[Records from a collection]
▽
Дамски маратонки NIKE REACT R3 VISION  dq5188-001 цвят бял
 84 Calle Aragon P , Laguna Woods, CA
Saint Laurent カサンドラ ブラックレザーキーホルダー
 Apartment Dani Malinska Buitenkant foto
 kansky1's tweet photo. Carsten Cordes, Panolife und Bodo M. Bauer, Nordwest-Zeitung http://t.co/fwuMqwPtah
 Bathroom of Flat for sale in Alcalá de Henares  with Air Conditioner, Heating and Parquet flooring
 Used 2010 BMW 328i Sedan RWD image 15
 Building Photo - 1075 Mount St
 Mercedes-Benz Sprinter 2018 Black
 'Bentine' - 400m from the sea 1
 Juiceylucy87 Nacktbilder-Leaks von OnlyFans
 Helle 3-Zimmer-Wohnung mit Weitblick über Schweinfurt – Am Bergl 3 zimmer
△
Problem description: The answer must be an exact copy of the lines from the one containing "Juiceylucy87 Nacktbilder-Leaks von OnlyFans" through the last line of the records, both included.

Result:
 Juiceylucy87 Nacktbilder-Leaks von OnlyFans
 Helle 3-Zimmer-Wohnung mit Weitblick über Schweinfurt – Am Bergl 3 zimmer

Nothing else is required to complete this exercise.